[Start of section]

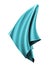 3d render, digital illustration, abstract dynamic cloth, flying, falling, dynamic fabric, unveil drapery, blue silky curtain,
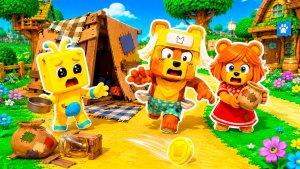 МЫ СТАЛИ БОМЖАМИ в СУПЕР МИШКА! Super Bear Adventure
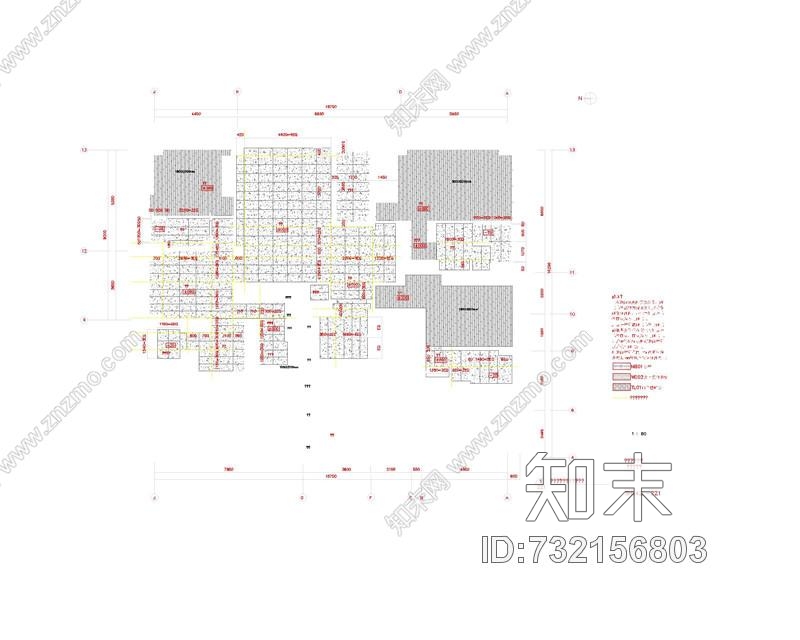 李玮珉-北京中赫万柳书院C2标准层样板房|CAD施工图+效果图施工图下载【ID:732156803】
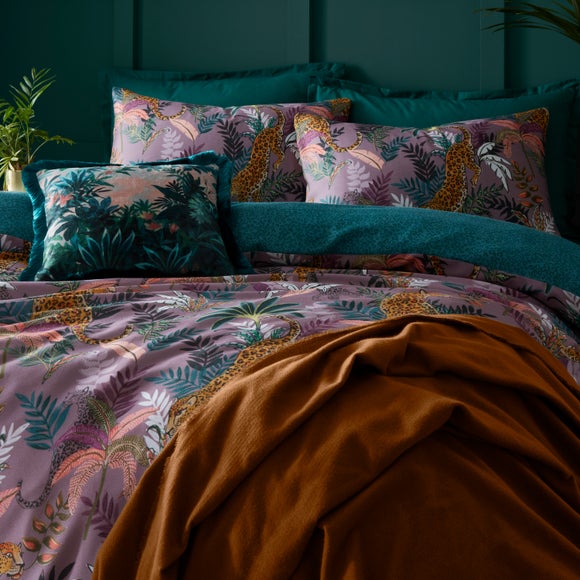 Photo 5 of Nala Jungle Sateen Duvet Cover & Pillowcase Set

[End of section]

* _Your assignment_
Once the line containing "李玮珉-北京中赫万柳书院C2" is found, transcribe it and the rest of the lines to the end of the listing above exactly, omitting all pictures.

* _Finished task_
 李玮珉-北京中赫万柳书院C2标准层样板房|CAD施工图+效果图施工图下载【ID:732156803】
 Photo 5 of Nala Jungle Sateen Duvet Cover & Pillowcase Set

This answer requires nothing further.